IM Agent Interaction Model
Summary
AgentInbox should model IM integrations as three separate capabilities:
- durable reminder subscriptions
- on-demand context fetching
- feedback and reply operations
For IM providers such as Feishu/Lark, the provider usually exposes an app-level
message event stream rather than a separate provider-side subscription for each
chat or mention target. AgentInbox should keep that provider stream shared,
then represent chat-level and mention-level interest as agent-specific
subscriptions.
When an agent receives an IM reminder, the inbox item should include enough
stable anchors to fetch more context later, but it should not eagerly store the
whole chat window. Context fetching should be an explicit source-specific read
operation routed through AgentInbox and backed by UXC provider credentials.
The first implementation target is Feishu/Lark.
Problem
The desired user experience is:
- an agent follows a group mention
- someone mentions the agent in a group
- the agent receives a concise reminder
- the agent asks for message context before responding
- the agent replies in the right place
This does not fit cleanly into a single "message received" event.
If the inbox item stores only the mention event, the agent lacks enough context to answer well. If the inbox item eagerly stores a large chat window, the source will do unnecessary provider reads, create large inbox entries, and make the subscription path depend on runtime-specific reasoning needs.
There is also a product-boundary question. Agents can call provider CLIs such as
lark-cli, but making that the normal path leaks provider tooling, credentials,
and output shape into every agent runtime.
Goals
- make IM reminders first-class without turning each chat into a private source
- keep provider credentials and API access behind UXC-backed source modules
- let agents fetch context only when they need it
- expose stable, structured context data instead of provider CLI output
- preserve delivery and feedback as
DeliveryHandleplus source-specific operations - make Feishu/Lark the first case without hardcoding Feishu/Lark semantics into the core
- keep
lark-cliuseful for development, debugging, and smoke testing, not as the required runtime contract
Non-Goals
- do not make
AgentInboxan IM client - do not build a general chat UI or conversation memory layer
- do not copy all provider messages into AgentInbox by default
- do not require every IM provider to expose identical event or context APIs
- do not let agents directly manage provider credentials
- do not make
lark-clithe product contract for agents
Terms
IM Host
A provider account or app identity that can receive and send IM events.

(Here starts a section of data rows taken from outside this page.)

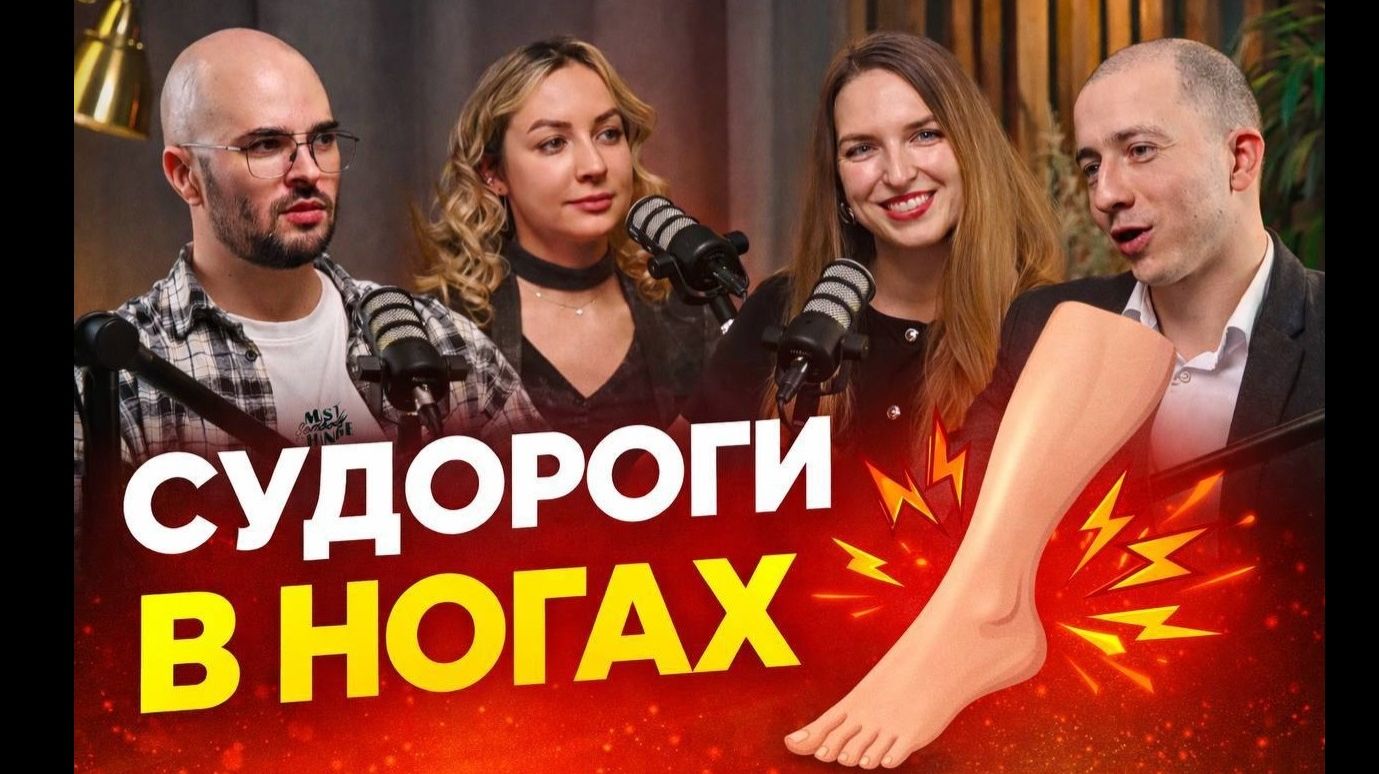 Судороги в ногах смотреть онлайн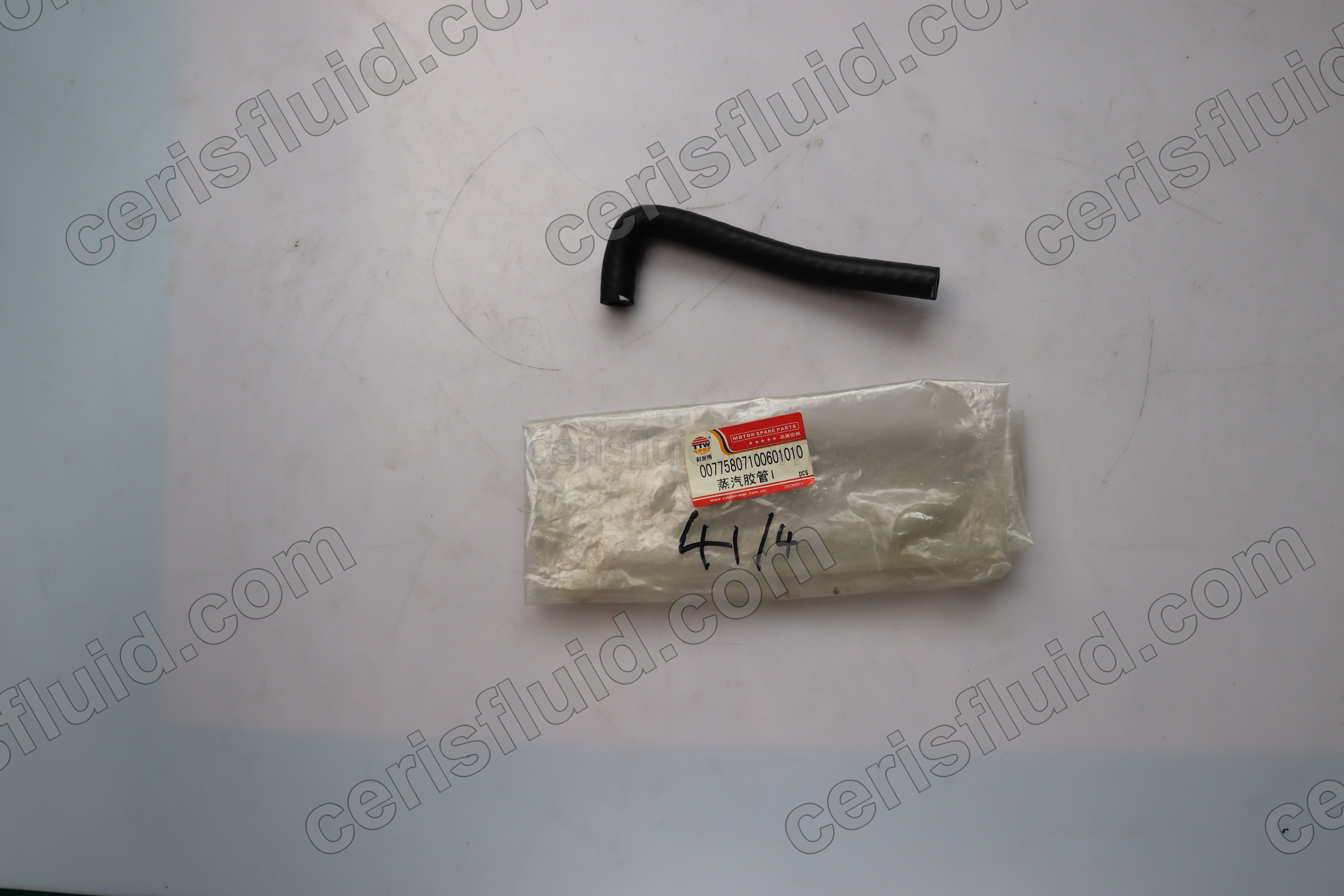 Hydraulic Hose / Breaker Piping Hose Assembly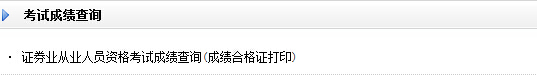 证券从业资格证成绩合格证打印入口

For Feishu/Lark this is the app/bot identity configured in UXC.
IM Message Stream
A shared source stream of provider message events.
For Feishu/Lark this maps to app-level im.message.receive_v1 event
consumption. It is not scoped to one chat.
Reminder Subscription
An agent-specific interest over a shared IM message stream.
Examples:
- messages in chat
oc_xxx - messages in chat
oc_xxxthat mention open idou_xxx - direct messages to the bot
Context Anchor
Stable metadata on an inbox item that lets a source module fetch context later.
Examples:
chatIdmessageIdmessageTypesenderOpenIdoccurredAtthreadIdparentIdrootId
Context Operation
A source-specific read operation that uses a context anchor to fetch nearby messages, thread messages, or message details.
Feedback Operation
A source-specific write operation that sends a reply, reaction, acknowledgement, or follow-up message through the provider.
Conceptual Model
IM integrations should split the interaction into three planes.
1. Reminder Plane
The reminder plane decides which provider events become agent-visible inbox items.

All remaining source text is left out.